Each node has its own collection of thread pools, and search activity on a node is performed using threads from that node's search threadpool.

It's typically more like the former than the latter, but it may not be precisely either of these.

Thanks, @DavidTurner.

So IIUC: the "typical" case is to use 1 thread/ a node/shard and those come out of the node/shard's active thread pool.

Are the "non-typical" cases worth considering? Would there ever be more than 1 thread per shard? Is < 1 thread the search cases where requests are not hitting shards?

The general case is fairly complicated, and may differ between versions of Elasticsearch. For instance, searches are divided up into a number of phases, but not all phases run on all nodes. It's hard to know what might be salient to describe here in more detail. Perhaps it would be simpler for you to describe the problem you are investigating instead?

Oh, interesting. We're still on Elasticsearch 5.6 if that helps.

The basic problem we're trying to solve is occasional large spikes in search queue size.

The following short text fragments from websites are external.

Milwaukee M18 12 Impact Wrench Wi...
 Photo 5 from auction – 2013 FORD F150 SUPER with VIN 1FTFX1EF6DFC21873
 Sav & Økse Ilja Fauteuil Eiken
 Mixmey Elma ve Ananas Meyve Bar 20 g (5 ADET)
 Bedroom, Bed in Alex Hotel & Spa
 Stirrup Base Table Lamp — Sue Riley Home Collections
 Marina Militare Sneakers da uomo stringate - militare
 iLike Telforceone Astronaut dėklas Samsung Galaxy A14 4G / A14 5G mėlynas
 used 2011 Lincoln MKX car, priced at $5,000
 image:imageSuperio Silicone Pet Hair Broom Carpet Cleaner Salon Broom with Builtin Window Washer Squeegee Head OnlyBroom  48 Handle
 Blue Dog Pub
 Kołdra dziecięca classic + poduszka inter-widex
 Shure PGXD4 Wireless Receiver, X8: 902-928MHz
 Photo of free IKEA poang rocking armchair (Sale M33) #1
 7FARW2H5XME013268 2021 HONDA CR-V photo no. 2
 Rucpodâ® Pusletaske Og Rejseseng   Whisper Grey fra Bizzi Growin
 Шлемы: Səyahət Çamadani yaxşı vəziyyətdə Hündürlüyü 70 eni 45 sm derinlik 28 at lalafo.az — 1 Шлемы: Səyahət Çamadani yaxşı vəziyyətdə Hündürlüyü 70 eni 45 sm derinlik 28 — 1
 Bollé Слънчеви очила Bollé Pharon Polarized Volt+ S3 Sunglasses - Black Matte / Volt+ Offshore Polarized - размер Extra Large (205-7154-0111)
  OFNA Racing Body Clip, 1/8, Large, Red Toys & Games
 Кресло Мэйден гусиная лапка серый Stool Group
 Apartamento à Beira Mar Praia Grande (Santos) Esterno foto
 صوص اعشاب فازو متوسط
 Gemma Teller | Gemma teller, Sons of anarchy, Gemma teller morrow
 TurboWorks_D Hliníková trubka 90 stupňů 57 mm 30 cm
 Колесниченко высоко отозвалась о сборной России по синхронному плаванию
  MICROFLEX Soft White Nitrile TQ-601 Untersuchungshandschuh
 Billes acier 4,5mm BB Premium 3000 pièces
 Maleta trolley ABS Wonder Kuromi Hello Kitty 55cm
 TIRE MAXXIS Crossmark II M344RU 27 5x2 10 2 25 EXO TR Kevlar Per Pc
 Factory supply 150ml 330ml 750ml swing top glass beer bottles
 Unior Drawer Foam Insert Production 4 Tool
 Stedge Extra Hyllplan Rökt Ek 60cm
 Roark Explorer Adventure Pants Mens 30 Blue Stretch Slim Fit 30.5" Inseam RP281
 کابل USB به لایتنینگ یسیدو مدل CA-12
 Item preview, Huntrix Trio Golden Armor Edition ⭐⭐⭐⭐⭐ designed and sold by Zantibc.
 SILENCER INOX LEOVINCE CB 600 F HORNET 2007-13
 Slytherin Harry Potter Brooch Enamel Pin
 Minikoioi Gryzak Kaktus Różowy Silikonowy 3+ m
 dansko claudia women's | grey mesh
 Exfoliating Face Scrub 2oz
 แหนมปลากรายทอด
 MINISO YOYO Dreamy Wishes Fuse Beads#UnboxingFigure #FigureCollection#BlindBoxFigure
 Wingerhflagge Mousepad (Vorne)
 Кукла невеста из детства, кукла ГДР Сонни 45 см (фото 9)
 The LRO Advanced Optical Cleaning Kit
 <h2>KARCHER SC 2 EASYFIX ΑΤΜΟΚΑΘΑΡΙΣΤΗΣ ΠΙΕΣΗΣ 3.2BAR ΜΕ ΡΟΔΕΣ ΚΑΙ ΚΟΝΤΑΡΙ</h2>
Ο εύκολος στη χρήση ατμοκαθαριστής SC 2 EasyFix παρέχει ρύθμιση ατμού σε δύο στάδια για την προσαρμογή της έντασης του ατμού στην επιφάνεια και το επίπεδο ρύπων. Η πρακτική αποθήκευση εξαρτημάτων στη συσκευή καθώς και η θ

This question was an effort to determine if/how queries in our slow query logs reduce our capacity (and thus cause the search queue to back up).

We believe that our search queue backing up is caused by some combination of:

  • Slow queries saturating thread capacity
  • A high volume of documents indexed (we sometimes see indexing spikes around the time our search queue backs up but not always) taking CPU
  • Indexing expensive (large) documents taking CPU

Any information you to help us narrow down a cause of search queue spikes (or prove/disprove the ideas above) would be appreciated.

Yes, slow searches consume resources that can cause other searches involving the same nodes to be enqueued. Heavy indexing consumes CPU which can slow down searches on those nodes.

I think I would start by obtaining the output of GET _nodes/hot_threads while the cluster is struggling, as this will give us a clearer picture of what it's busy doing. You could also look for correlations between the spikes and the output of GET _nodes/stats, but hot threads would be the first thing I'd look at.

Are there any interesting-looking log messages at around the times of the spikes? For instance do you see any evidence that the nodes are performing more GC than normal?

HI @DavidTurner,

I looked at an example queue spike from last week and didn't find anything too interesting:

  • There was one message about [2018-10-08T20:44:53,129][INFO ][o.e.m.j.JvmGcMonitorService] [] [gc][381638] overhead, spent [296ms] collecting in the last [1s] but that doesn't sound too bad
  • Our ad-hoc logging of _nodes/hot_threads didn't have anything interesting at the time (basically had no results)

We did a large increase of the number of bulk threads being used right before the search queue spike so I'm thinking that could be the cause of this particular spike.

Thank you for your interest/help. If I have more concrete questions/information I'll make a new topic.

This topic was automatically closed 28 days after the last reply. New replies are no longer allowed.